“Não faças do teu pensamento blocos de cimento”

A discussão política, crítica e até filosófica parece-se cada vez mais com comprar iogurtes numa grande superfície: queremos comprar um ou dois e acabamos por ter que levar uma dúzia. Não há outro remédio; só se vende assim. Do mesmo modo, às vezes gostamos de certo conceito de Marx e não o podemos usar por que se aceitamos Marx temos que aceitar Stalin, etc. À direita, também não podemos tocar nos Futuristas porque isso leva a Mussolini, e por aí adiante. E muito depressa se chega a coisas ridículas, como concluir pela perversidade do vegetarianismo porque Hitler não comia carne. Parece uma anedota, mas percebe-se as suas consequências quando vemos os nossos partidos completamente crispados, incapazes de se comprometerem uns com os outros, mesmo quando as suas ideias são muito próximas. Por tudo isto, tenho aplicado ao pensamento algumas das estratégias do modernismo. Por exemplo, acredito que o pensamento deve ser modular.

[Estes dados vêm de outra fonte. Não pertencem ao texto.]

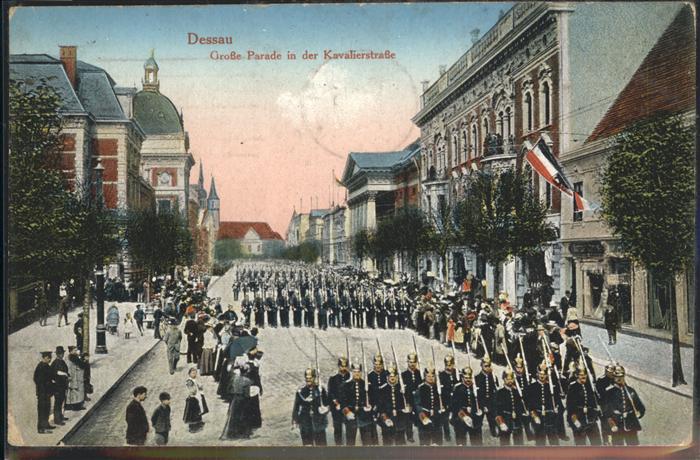 Dessau-Rosslau Grosse Parade in der Kavalierstrasse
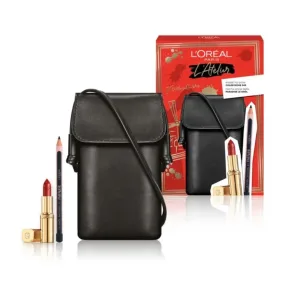 L'Oréal Paris L'Atelier Rossetto Satin Color Riche 345 Cherry Crystal + Matita Le Khol Naturel + Custodia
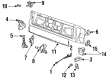 1993 Chevy Caprice Lift Support Diagram - 10104982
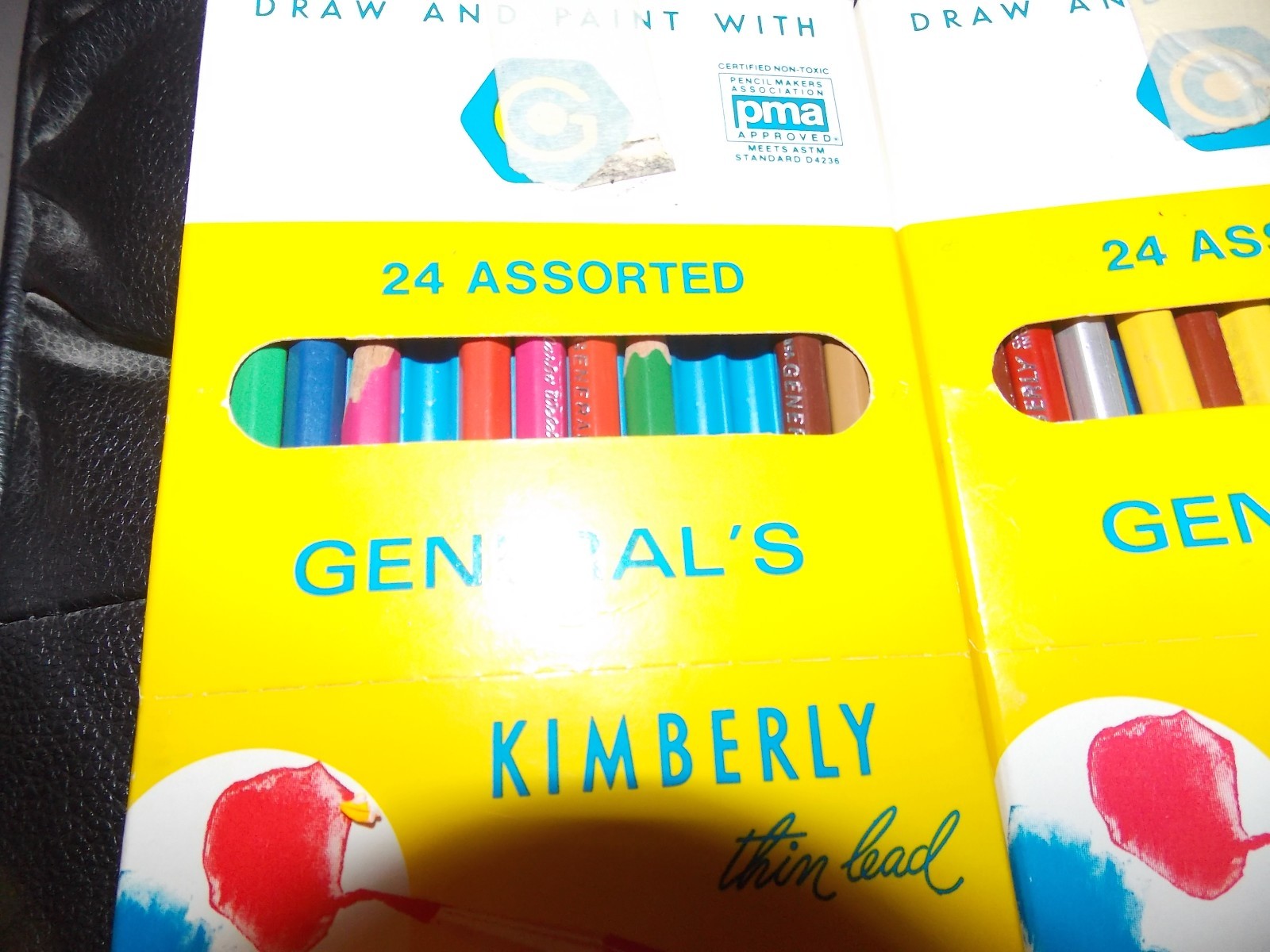 Vintage SET of 46 GENERAL'S MULTI color Water Color Draw PENCILS PENCILS USA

Deve-se poder usar apenas a parte de um sistema que nos seja útil (é mais importante a nossa coerência do que a das ferramentas que usámos). É uma estratégia semelhante à da fotografia modernista que isolava um pormenor ou textura tornando-o abstracto, dramático ou estranho, ou que o recombinava com outros pormenores em colagens, montagens, etc. Há uns anos no Porto, havia um grafitti que aconselhava a que não se fizesse do pensamento blocos de cimento. Módulos, mas imóveis e pesados, que é difícil reutilizar. Talvez uma alternativa melhor fosse “Faz do teu Ego uma caixa da Lego”.